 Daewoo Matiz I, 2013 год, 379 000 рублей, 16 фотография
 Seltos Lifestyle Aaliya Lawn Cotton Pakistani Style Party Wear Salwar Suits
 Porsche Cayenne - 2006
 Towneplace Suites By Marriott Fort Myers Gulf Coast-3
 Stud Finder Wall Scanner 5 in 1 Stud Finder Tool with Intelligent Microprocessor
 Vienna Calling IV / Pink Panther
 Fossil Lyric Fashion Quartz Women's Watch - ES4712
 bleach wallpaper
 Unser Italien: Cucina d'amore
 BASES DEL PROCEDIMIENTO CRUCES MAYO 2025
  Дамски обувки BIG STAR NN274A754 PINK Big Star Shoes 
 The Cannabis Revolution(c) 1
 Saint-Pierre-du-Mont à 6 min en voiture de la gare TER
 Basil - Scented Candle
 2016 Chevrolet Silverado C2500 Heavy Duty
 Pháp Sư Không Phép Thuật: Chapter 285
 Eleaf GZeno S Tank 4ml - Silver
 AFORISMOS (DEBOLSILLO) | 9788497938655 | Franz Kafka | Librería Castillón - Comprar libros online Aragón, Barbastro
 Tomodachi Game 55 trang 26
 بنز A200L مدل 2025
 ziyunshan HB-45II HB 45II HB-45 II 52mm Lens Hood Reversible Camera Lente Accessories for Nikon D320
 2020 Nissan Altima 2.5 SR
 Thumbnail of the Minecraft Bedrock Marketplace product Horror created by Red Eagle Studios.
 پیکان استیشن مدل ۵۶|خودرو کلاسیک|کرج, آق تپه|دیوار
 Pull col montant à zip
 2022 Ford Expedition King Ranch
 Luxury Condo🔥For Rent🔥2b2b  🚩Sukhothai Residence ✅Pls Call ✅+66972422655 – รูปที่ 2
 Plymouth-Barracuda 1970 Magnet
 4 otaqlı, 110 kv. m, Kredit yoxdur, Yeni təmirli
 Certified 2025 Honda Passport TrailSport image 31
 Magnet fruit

AIM OF THE EXERCISE: Gather from the entries above all lines that include the string "Magnet".

ANSWER BOX:
 Plymouth-Barracuda 1970 Magnet
 Magnet fruit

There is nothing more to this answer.